Edward Everett Horton
Biography
From Wikipedia, the free encyclopedia
Edward Everett Horton Jr. (March 18, 1886 – September 29, 1970) was an American character actor. He had a long career in film, theater, radio, television, and voice work for animated cartoons. Horton began his stage career in 1906, singing and dancing and playing small parts in vaudeville and in Broadway productions. In 1919, he moved to Los Angeles, California, where he began acting in Hollywood films. His first starring role was in the comedy Too Much Business (1922), but he portrayed the lead role of an idealistic young classical composer in the drama Beggar on Horseback (1925). In the late 1920s, he starred in two-reel silent comedies for Educational Pictures, and made the transition to talking pictures with Educational in 1929. As a stage-trained performer, he found more film work easily, and appeared in some of Warner Bros.' early talkies, including The Terror (1928) and Sonny Boy (1929).
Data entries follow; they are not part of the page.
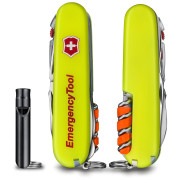 Victorinox Huntsman Lite Emergency Tool többfunkciós kés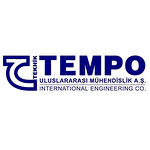 Teknik Tempo Uluslararası Mühendislik A.Ş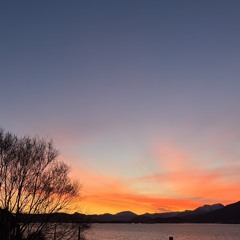 Mobile recording - The Joke (Brandi Carlile cover)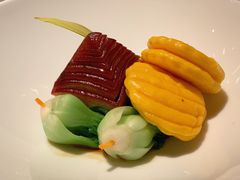 -悦轩中餐厅·高空江景·杭州柏悦酒店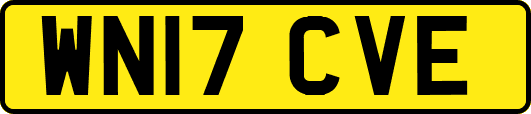 WN17CVE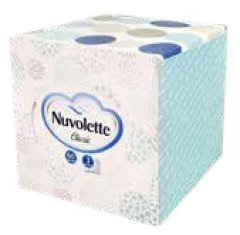 Nuvolette Maramice u kutiji 60 kom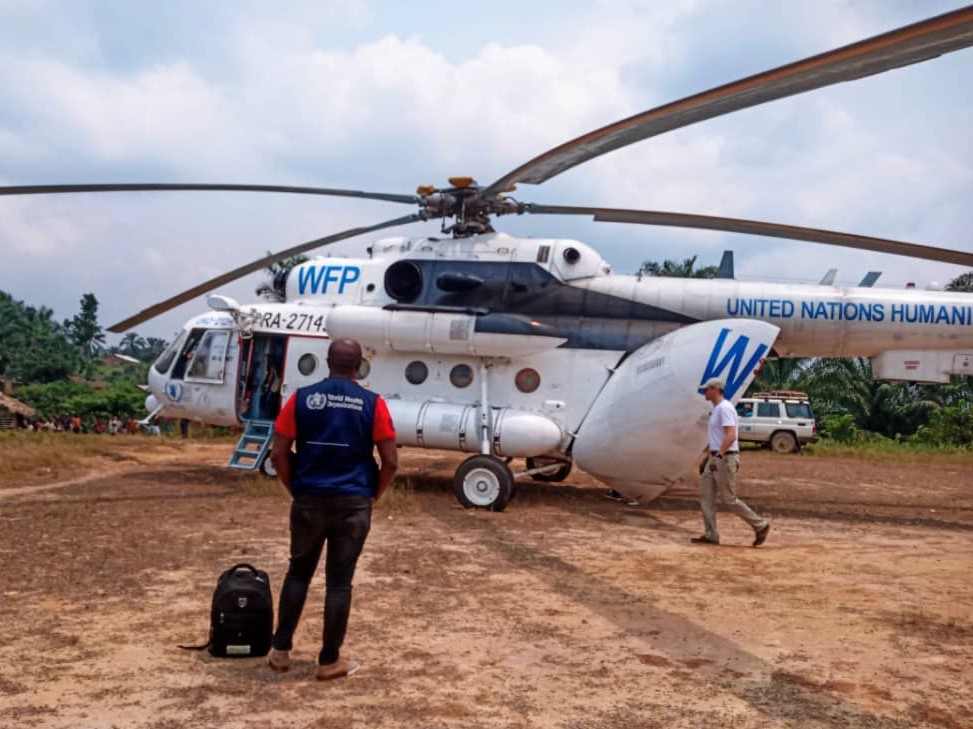 Chow DRC Margaret Harris 4 Chow DRC Margaret Harris 4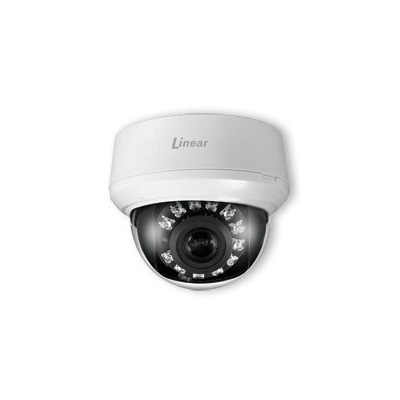 Linear LV-D4HRDIW-212 indoor dome camera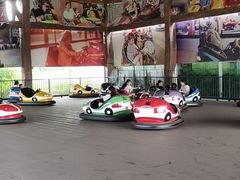 -云漫湖生态度假公园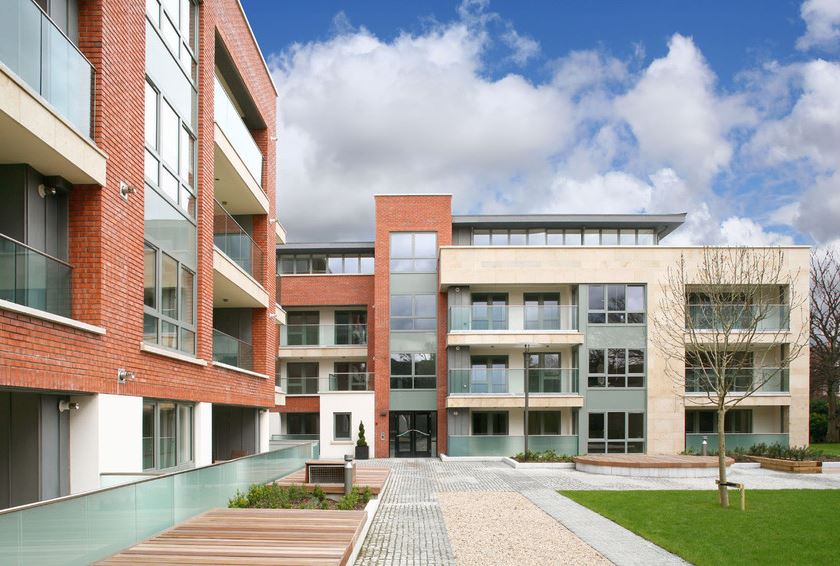 Insurance for properties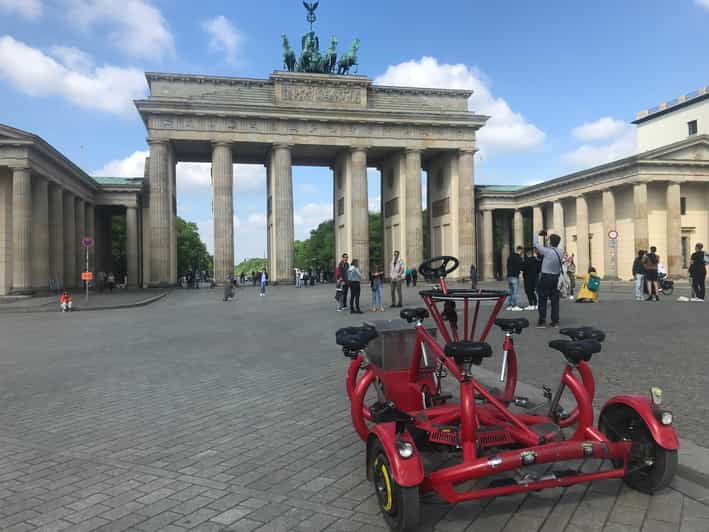 Jetbike Berlin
Horton initially used his given name, Edward Horton, professionally. His father persuaded him to adopt his full name professionally, reasoning that other actors might be named Edward Horton, but only one named Edward Everett Horton. Horton soon cultivated his own special variation of the time-honored double take (an actor's reaction to something, followed by a delayed, more extreme reaction). In Horton's version, he would smile ingratiatingly and nod in agreement with what just happened; then, when realization set in, his facial features collapsed entirely into a sober, troubled mask.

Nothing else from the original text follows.